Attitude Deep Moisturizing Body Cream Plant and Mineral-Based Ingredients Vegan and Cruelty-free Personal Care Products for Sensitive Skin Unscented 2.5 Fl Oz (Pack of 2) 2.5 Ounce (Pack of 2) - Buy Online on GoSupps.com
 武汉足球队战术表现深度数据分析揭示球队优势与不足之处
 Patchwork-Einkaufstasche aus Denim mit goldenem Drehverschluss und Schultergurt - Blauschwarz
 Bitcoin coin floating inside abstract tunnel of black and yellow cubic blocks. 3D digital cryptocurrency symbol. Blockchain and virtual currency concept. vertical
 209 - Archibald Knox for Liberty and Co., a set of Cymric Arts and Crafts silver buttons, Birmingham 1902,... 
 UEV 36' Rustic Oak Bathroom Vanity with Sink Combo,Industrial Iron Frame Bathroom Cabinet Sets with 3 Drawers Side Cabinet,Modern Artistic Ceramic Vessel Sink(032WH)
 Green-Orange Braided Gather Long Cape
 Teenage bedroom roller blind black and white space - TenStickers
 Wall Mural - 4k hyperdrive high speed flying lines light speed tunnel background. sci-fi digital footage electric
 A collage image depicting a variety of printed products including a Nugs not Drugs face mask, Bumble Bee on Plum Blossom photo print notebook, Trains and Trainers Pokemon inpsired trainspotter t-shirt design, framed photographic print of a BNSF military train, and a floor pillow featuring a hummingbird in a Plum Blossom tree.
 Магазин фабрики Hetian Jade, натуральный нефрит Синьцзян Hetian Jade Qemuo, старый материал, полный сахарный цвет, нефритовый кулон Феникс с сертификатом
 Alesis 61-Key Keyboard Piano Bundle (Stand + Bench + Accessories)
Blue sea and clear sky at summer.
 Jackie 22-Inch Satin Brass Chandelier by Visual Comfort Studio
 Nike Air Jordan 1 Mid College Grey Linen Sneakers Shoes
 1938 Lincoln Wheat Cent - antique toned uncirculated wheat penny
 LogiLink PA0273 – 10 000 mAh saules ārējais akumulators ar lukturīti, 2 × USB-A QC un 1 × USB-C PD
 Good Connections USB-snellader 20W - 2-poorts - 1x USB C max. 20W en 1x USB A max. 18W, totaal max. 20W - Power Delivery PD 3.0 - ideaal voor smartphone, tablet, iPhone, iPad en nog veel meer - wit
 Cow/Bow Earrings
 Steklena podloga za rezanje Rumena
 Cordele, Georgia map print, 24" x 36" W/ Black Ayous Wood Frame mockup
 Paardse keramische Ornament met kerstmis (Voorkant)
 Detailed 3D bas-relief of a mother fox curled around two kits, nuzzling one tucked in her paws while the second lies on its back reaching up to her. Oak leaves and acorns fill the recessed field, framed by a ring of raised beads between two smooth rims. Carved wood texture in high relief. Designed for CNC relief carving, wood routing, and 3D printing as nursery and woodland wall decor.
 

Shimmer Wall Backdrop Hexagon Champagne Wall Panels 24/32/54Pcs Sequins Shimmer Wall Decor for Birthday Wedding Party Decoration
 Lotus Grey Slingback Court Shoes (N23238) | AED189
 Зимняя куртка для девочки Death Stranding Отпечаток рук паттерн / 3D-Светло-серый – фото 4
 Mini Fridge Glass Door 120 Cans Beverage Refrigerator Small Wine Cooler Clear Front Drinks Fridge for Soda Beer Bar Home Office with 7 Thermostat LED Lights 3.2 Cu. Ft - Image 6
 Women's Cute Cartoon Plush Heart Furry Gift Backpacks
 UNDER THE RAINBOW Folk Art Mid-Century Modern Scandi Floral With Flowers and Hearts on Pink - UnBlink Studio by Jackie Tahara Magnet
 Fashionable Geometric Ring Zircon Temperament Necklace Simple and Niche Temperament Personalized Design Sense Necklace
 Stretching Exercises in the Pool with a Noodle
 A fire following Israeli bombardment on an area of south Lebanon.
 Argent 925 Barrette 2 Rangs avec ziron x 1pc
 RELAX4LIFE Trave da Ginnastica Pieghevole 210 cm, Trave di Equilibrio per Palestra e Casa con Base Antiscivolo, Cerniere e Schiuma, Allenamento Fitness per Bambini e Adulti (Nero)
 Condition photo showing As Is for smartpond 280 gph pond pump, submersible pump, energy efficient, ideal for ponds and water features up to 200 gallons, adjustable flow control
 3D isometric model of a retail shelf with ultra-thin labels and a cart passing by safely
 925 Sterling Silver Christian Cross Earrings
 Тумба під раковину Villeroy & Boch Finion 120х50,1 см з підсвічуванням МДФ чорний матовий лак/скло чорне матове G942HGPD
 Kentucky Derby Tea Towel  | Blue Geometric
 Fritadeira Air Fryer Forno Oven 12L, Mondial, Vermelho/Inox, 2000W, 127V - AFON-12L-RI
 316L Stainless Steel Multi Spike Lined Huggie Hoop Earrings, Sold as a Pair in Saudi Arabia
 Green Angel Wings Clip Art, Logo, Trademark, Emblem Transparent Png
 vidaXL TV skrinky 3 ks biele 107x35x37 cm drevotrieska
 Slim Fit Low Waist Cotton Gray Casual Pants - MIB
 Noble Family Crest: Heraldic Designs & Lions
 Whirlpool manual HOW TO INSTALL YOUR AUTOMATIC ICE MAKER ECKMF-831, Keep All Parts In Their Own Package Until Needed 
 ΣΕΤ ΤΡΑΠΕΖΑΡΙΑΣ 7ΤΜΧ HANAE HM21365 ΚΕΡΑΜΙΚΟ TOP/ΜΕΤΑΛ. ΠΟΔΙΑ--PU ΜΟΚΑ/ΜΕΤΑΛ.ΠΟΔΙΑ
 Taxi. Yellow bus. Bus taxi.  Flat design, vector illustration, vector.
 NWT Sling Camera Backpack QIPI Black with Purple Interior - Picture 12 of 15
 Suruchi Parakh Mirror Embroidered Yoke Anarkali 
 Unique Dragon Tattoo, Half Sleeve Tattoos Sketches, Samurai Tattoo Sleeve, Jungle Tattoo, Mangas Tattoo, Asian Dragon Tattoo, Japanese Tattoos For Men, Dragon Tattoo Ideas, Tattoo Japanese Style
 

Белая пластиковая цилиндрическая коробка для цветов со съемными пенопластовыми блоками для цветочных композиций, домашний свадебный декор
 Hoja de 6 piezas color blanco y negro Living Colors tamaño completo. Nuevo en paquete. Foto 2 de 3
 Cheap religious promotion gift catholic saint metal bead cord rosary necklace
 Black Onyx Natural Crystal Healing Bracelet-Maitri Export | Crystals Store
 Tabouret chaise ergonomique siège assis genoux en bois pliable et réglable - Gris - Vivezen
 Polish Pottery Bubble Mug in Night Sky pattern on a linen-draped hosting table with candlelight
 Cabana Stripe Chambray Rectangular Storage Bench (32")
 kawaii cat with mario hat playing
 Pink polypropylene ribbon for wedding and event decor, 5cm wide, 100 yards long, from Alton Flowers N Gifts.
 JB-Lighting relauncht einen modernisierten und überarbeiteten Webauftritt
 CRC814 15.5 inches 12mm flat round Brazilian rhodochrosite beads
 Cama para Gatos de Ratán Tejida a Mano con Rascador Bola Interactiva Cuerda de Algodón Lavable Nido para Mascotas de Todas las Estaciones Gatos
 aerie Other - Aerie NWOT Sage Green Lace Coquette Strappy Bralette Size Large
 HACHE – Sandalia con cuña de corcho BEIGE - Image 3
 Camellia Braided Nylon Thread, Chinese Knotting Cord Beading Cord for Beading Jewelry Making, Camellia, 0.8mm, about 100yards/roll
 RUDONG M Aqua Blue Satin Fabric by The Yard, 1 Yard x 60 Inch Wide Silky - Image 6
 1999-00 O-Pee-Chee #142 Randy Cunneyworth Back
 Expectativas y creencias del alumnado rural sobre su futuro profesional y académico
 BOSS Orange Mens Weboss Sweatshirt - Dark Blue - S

:::::

▸ **WHAT IS EXPECTED**: From the entries above, show each line that includes the string "Satin".

▸ **RESPONSE TO THE TASK**:
 Jackie 22-Inch Satin Brass Chandelier by Visual Comfort Studio
 RUDONG M Aqua Blue Satin Fabric by The Yard, 1 Yard x 60 Inch Wide Silky - Image 6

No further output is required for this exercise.